Generalized F distribution can reduce to Generalized Gamma distribution - but what prior to use?

Hello, I am working on the Generalized F distribution. I am following how the R package flexsurv handles it but try to code it up in Stan.

In R, you can call and run the following flexsurv code:

fs2 <- flexsurvreg(Surv(recyrs, censrec) ~ 1, data = bc, dist = "genF")

The coolest thing about the Generalized F distribution is that it nests many distributions, and specifically, it reduces to the Generalized Gamma distribution when P approaches 0 (source). But P should in theory be positive. This is where my question is.

I coded up this Stan code for the Generalized F distribution:

// Generalized F Distribution
// No covariate in this version

functions {

  real dgenf(real x, real mu, real sigma, real Q, real P) {

    real delta=sqrt(Q^2+2*P);
    real s1 = 2*inv((Q^2+2*P+Q*delta));
    real s2 = 2*inv((Q^2+2*P-Q*delta));

    real w = (log(x) - mu)*delta/sigma ; 

    real expw = exp(w);

    real logdens = log(delta) + s1*(log(s1) + w - log(s2)) -log(sigma*x)  - (s1+s2)*log(1+s1*expw/s2) - lbeta(s1, s2);
    return logdens;


  real pgenf_S (real q, real mu, real sigma, real Q, real P) {

    real delta=sqrt(Q^2+2*P);
    real s1 = 2*inv((Q^2+2*P+Q*delta));
    real s2 = 2*inv((Q^2+2*P-Q*delta));
    real w = (log(q) - mu)*delta/sigma;
    // CDF = 1 - beta_cdf(s2/(s2 + s1*exp(w)) | s2, s1)
    real logprob = log(beta_cdf(s2/(s2 + s1*exp(w)) | s2, s1));
    return logprob;


  int Nuc;
  real yuc[Nuc];
  int Nc;
  real yc[Nc];


  real mu;
  real sigma_log;
  real Q;
//  real P_log;  // I am unsure which version of P I should model and what prior to use
  real<lower=0> P;
transformed parameters{
  real sigma=exp(sigma_log);
//  real P = exp(P_log);  
  mu ~ std_normal();
  sigma_log ~ std_normal();
  Q ~ std_normal();
//  P_log ~ std_normal();
  P ~ exponential(1);
  for (i in 1:Nuc) {
    target += dgenf(yuc[i], mu, sigma, Q, P ) ;
  for (i in 1:Nc){

      target += pgenf_S(yc[i], mu, sigma, Q, P  );

I use two ways to model P:

  1. I parameterize on P_log and use a std_normal() as prior.
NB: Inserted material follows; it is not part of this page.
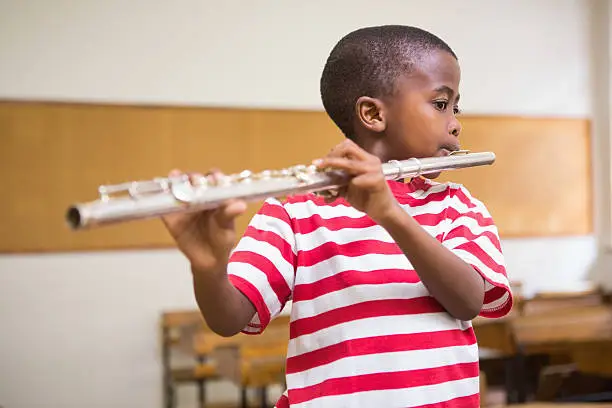 Photo of Cute pupil playing flute in classroom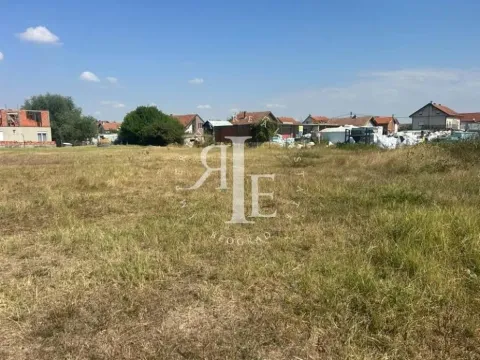 Pogled na ravno građevinsko zemljište obraslo travom sa kućama u pozadini. - image 7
Everything runs nicely and fast.
  2. I parameterize on P and use a exponential(1) as prior. It runs a bit slowly.

Both parameterizations give nearly identical results to the point-estimate as the flexsurv. I also try simulation and obtain similar results. So far so good.

To run my Stan code, I use cmdstanr:

data_list <- list(
  Nuc = length(which(bc$censrec==1)), 
  yuc = bc[which(bc$censrec==1), c("recyrs")],
  Nc = length(which(bc$censrec==0)),
  yc = bc[which(bc$censrec==0),c("recyrs")]

file2 <- file.path("GenF.stan")
mod_f2 <- cmdstan_model(file2, stanc_options = list("O1"), quiet=TRUE)

fit_f2 <- mod_f2$sample(
  data = data_list,
  seed = 123,
  init = 1,
  chains = 4,
  parallel_chains = 4,
  refresh = 500,
  iter_warmup = 1000,
  iter_sampling = 1000

However, I would like to parameterize and choose a prior for either P or P_log so that it can inform the reduction from GenF to GenGamma. I would test by simulating GenGamma data and then run the GenF model on it to see where P is approaching 0.

Does anyone have a good suggestion? Thank you

1 Like


If I understand correctly, you have a positively constrained variable and you want to allow values near zero (which is where it reduces to generalized gamma). For this, about the only choice you can make is something like a half-normal or half-t or exponential. The difference is that half-normal/half-t bounds the density at zero, whereas with something like exponential(1), the density is unbounded at zero. After that, it really just depends what you think large values might look like to be consistent to give you a sense of what scale to use.

As always, I’d recommend simulating and see how it works in cases where you know the answer. It can be very numerically unstable to try to push a positive-constrained value to zero, as it entails pushing the log of the value to negative infinity. If you try to put a prior on P_log, you won’t be able to make it consistent with zero and proper.